Carbohydrates sound so innocent: mere starches, sugar and fiber that the body uses for energy. Yet health-conscious Americans despise them, designing entire diets just to cut them out.
But out of the pile of cast-off carbs, there are some you should keep. New research around a certain kind of carb, called “resistant starch,” suggests that they could be a key way to help control weight.
When we eat refined carbohydrates, like white bread and cookies, our bodies absorb them very quickly, and the hormone insulin ushers them into our cells. Eat a lot of them, and the body will store most of those calories instead of burning them—which is why we gain weight on high-carb diets.
But that’s not the case with resistant starches, so named because they resist digestion. These kinds of carbs bypass the small intestine (where most food is digested) and head to the large intestine (also known as the colon) to be metabolized. There, they’re fermented and turned into short-chain fatty acids, which the body burns as energy. Resistant starches also serve as powerful prebiotics—food for intestinal bacteria in the colon.
Those benefits—getting digested slower, being converted into fatty acids and sustaining colonies of gut bacteria—set resistant starch apart. Resistant starch is being explored as a healthy food for people with type-2 diabetes; eating it improved certain measures of inflammation, a condition that often precedes type-2 diabetes, and lipid profiles in women with the condition, showed one 2015 study.
“Certain populations and cultures have been benefiting from resistant starches for a long time,” says Paul Arciero, professor in the health and exercise sciences department of Skidmore College. “In my belief, that’s what’s protected them against some of the ravages of the more modern-day high carbohydrate diet.”
Luckily, resistant starch is found in a range of delicious foods. Legumes, beans, whole grains and some seeds have it, as do uncooked potatoes and unripe bananas. Products made from these foods, including bean flour, potato starch, tapioca starch and brown rice flour, also count.
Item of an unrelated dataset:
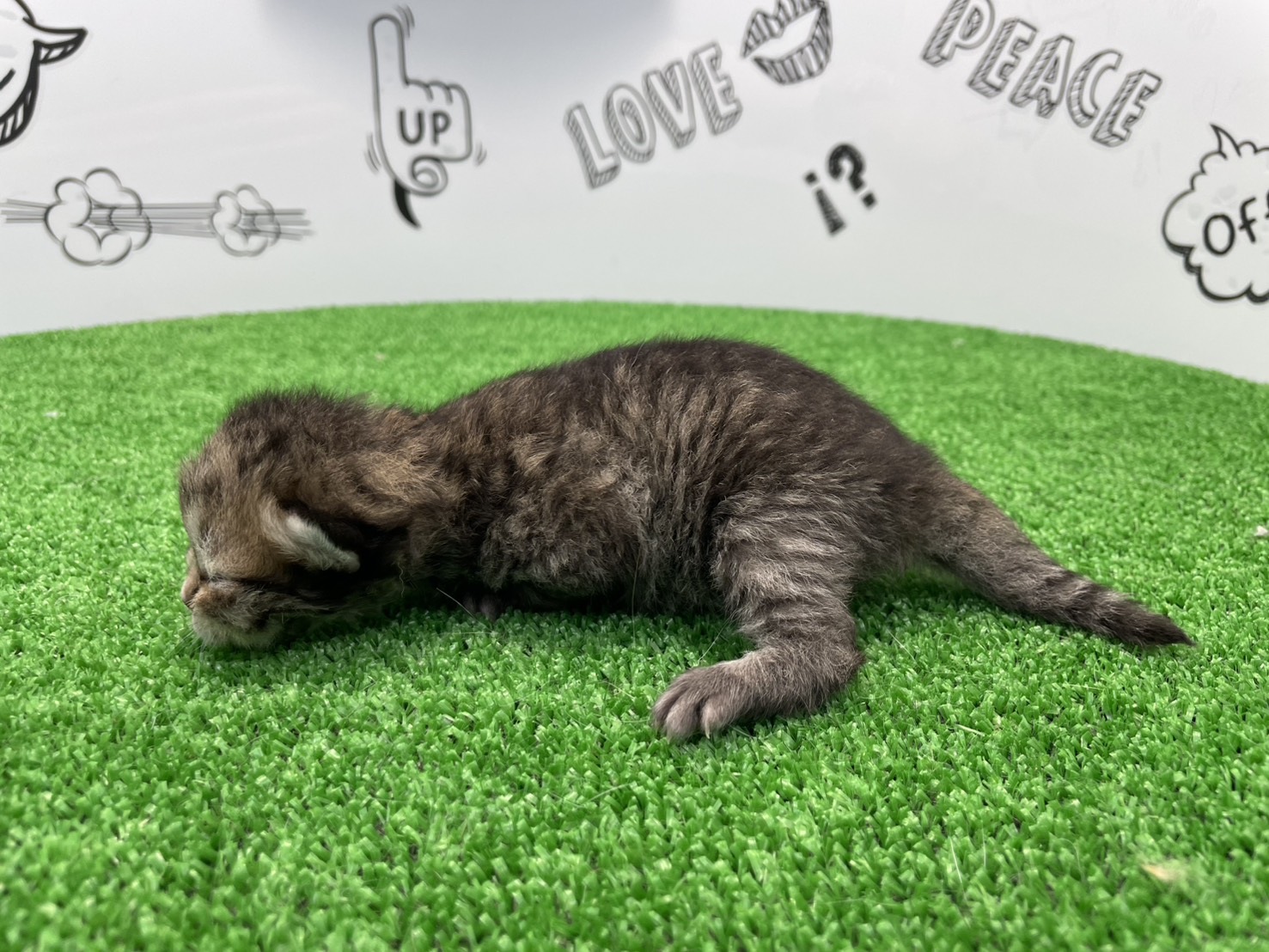 赤ちゃん写真1-2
Most intriguing and surprising of all is that so many leftovers contain resistant starch. When you cook a certain starchy food, like white rice, pasta or a potato, and then cool it in the refrigerator, the food develops resistant starches. “Cooking the carbohydrate starch alters the chemical bonds in the food,” Arciero explains. Stick it in the fridge, and as the food cools, those bonds reform in a new design. “The ensuing structure of those bonds during the cooling process is what makes them resistant to then being digested in the small intestine,” Arciero says. Even if you heat them up again, they retain their new resistant starches.
In all of its forms, resistant starch shows promise for helping people control their weight. In a Nutrition Journal study published in October 2015, Arciero and his team cooked a series of four pancake breakfasts for 70 women. The four pancakes were made from ordinary starch, starch plus whey protein, resistant starch (a tapioca-based starch modified to become resistant—much like leftovers are), and resistant starch with whey protein.
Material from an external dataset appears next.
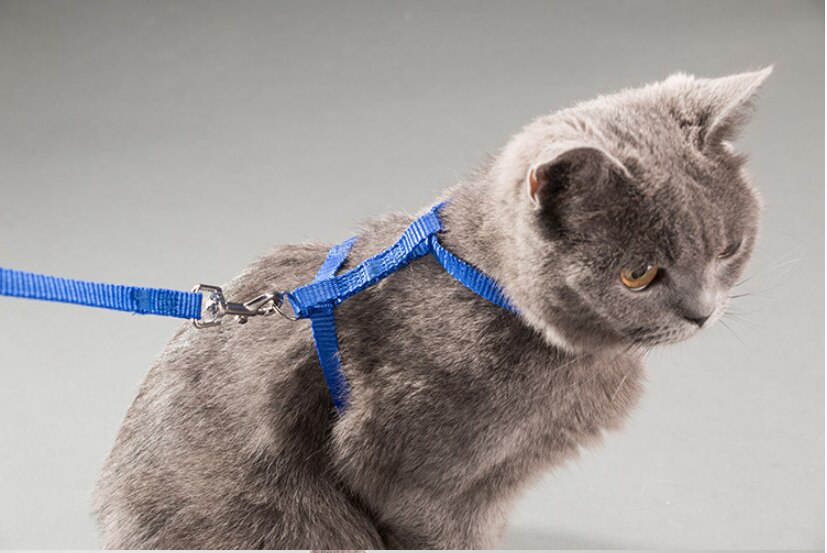 1PC Cat Dog Leash and Adjustable Collar Harness Nylon Pet Traction Cat Kitten Halter Cats Products for Cat Puppy Small Dogs 1PC Cat Dog Leash and Adjustable Collar Harness Nylon Pet Traction Cat Kitten Halter Cats Products for Cat Puppy Small Dogs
Arciero and his team monitored the women after each meal for three hours and used a device to see how many calories they burned, and what type. To Arciero’s surprise, after women ate pancakes containing resistant starch plus protein, they experienced an increase in fat burning, compared to all of the other kinds of pancakes. “After you eat a meal that’s principally carbohydrate, the fact that your body can burn a greater percentage of fat as its energy source is very unusual,” he says. Adding protein to the batter also made the women feel fuller, they found—which hints at a potentially powerful food combo for people trying to control their weight. “If you can combine a resistant starch with a hardboiled egg, or whey protein, or pea protein, or chicken or Greek yogurt, that’s a pretty powerful combination,” Arciero says.
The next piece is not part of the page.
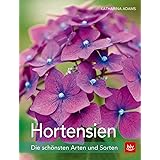 Hortensien: Die schönsten Arten und Sorten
It’s too soon to tell if resistant starch can help people lose weight. But the new evidence suggests that it may help control weight by altering body composition and increasing satiety. “The potential for a nutritional lifestyle intervention to counter obesity driven by high-carbohydrate food, though we don’t know yet how significantly, is fascinating,” Arciero says—especially when it’s as simple and delicious as reheating your pasta.